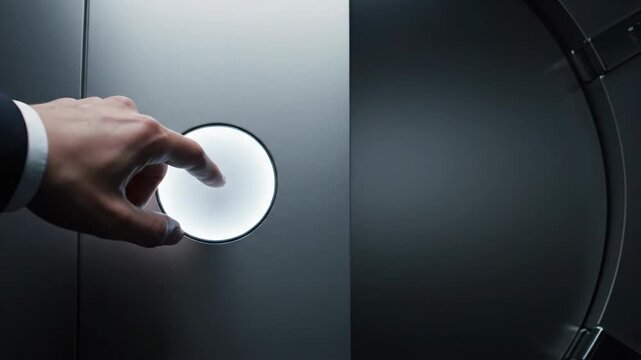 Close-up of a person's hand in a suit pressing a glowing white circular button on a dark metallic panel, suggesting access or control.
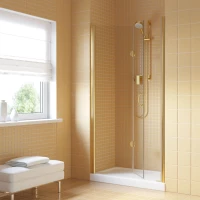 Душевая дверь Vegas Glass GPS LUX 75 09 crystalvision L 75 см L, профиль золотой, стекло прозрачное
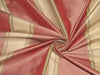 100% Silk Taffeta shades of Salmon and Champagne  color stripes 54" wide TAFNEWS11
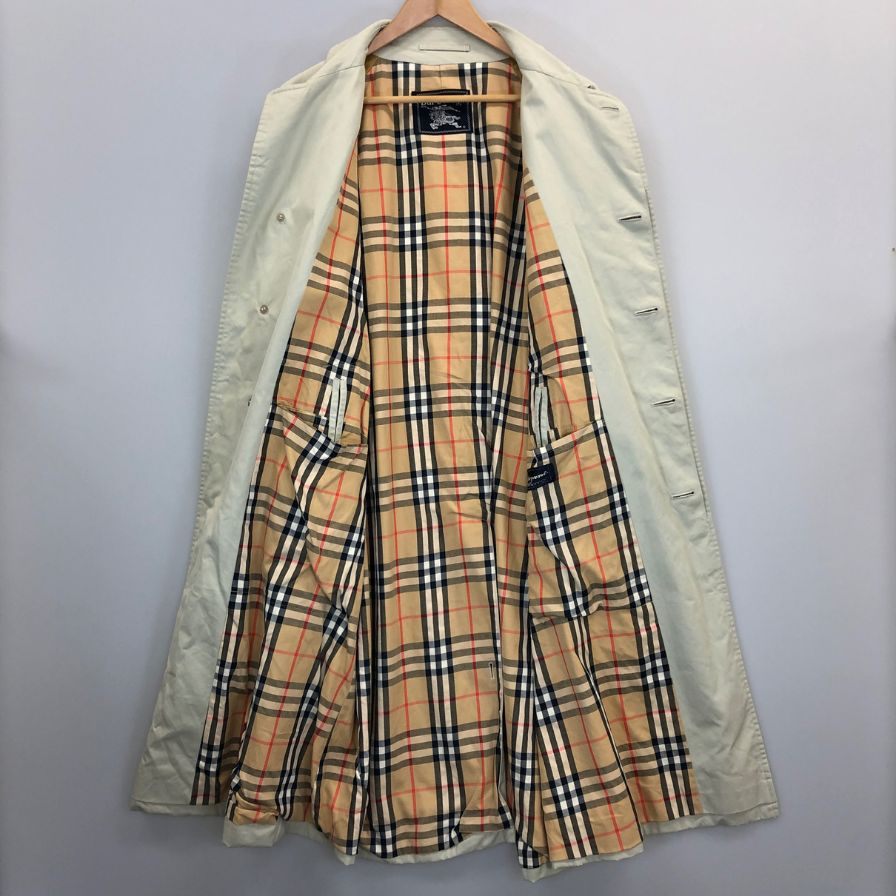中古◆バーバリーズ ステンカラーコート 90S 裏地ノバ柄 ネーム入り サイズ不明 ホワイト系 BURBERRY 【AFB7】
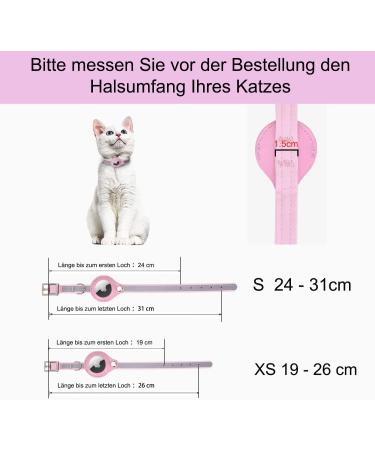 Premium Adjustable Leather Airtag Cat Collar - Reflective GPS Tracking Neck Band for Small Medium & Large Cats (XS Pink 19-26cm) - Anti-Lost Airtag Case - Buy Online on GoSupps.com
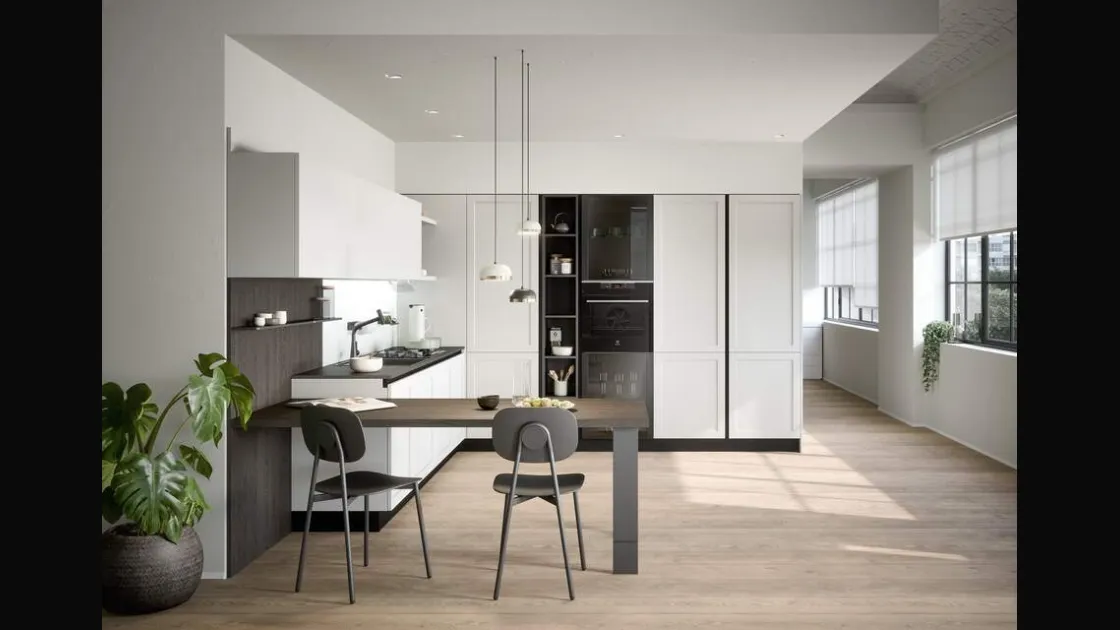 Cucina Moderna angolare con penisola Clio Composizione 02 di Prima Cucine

· · ·

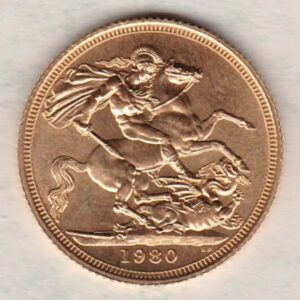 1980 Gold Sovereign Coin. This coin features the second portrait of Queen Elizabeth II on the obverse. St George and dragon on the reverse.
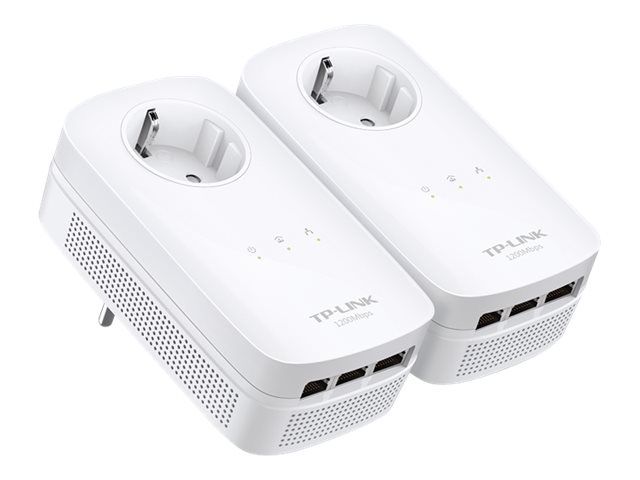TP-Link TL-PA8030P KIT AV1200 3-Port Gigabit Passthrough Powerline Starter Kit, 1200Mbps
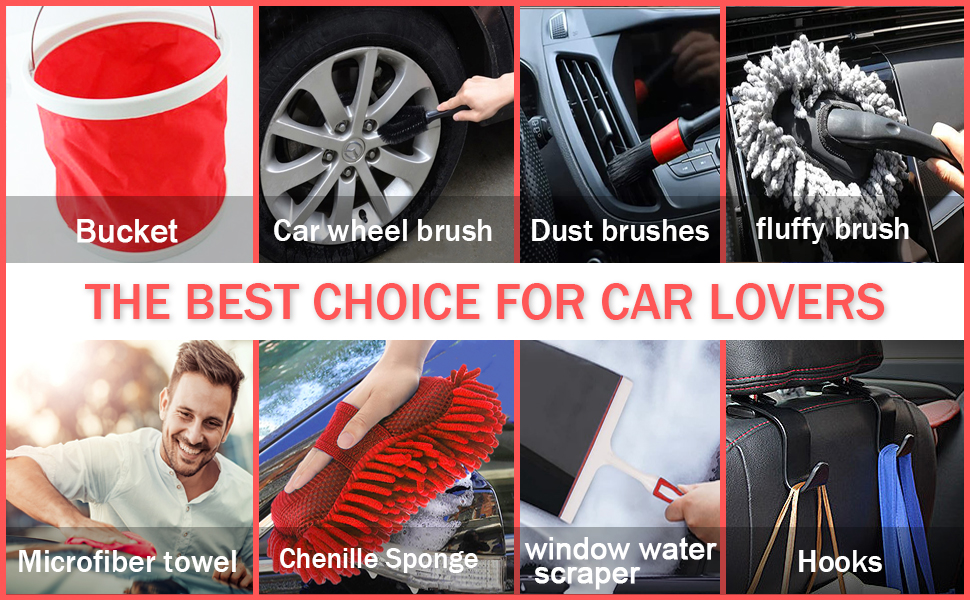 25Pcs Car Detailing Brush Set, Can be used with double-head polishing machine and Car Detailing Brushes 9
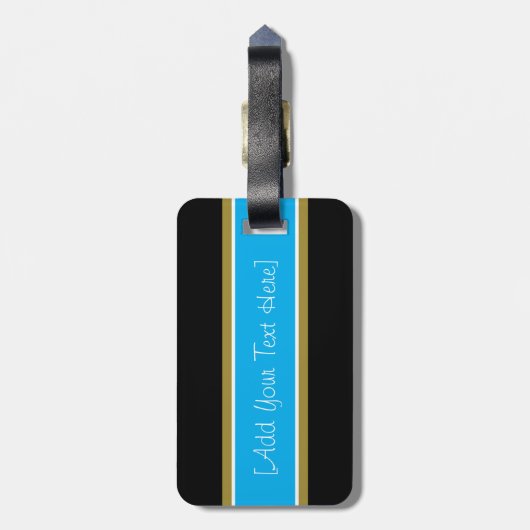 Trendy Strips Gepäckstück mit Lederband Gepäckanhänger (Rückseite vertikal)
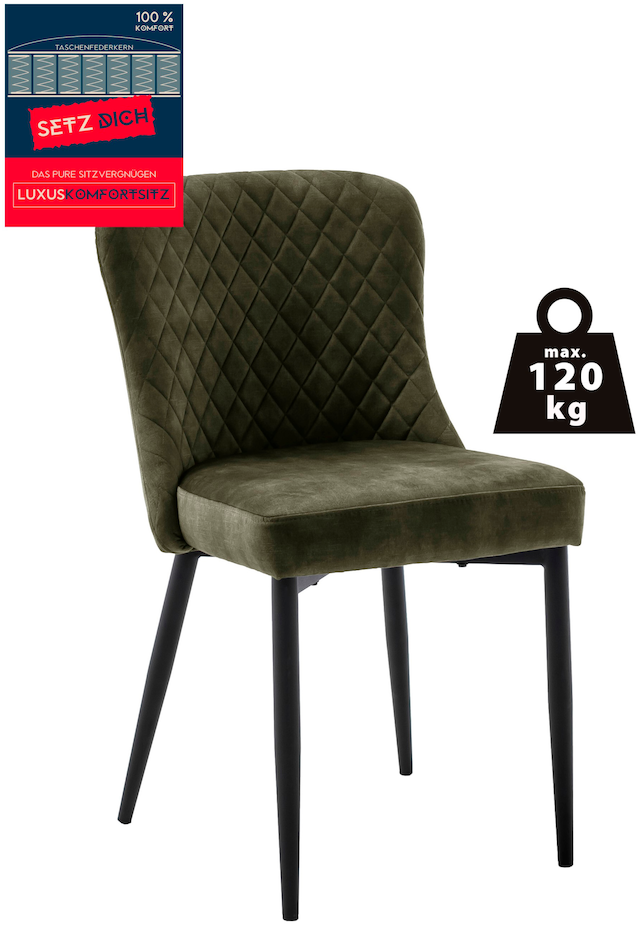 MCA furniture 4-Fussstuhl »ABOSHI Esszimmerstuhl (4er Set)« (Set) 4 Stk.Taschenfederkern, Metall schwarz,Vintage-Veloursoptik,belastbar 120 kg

· · ·

# Prompt
The lines above starting at the one that holds "25Pcs Car Detailing" and ending at the one that holds "MCA furniture 4-Fussstuhl" are to be written out exactly, ends included, and no pictures are to be copied.

# Exercise answer
 25Pcs Car Detailing Brush Set, Can be used with double-head polishing machine and Car Detailing Brushes 9
 Trendy Strips Gepäckstück mit Lederband Gepäckanhänger (Rückseite vertikal)
 MCA furniture 4-Fussstuhl »ABOSHI Esszimmerstuhl (4er Set)« (Set) 4 Stk.Taschenfederkern, Metall schwarz,Vintage-Veloursoptik,belastbar 120 kg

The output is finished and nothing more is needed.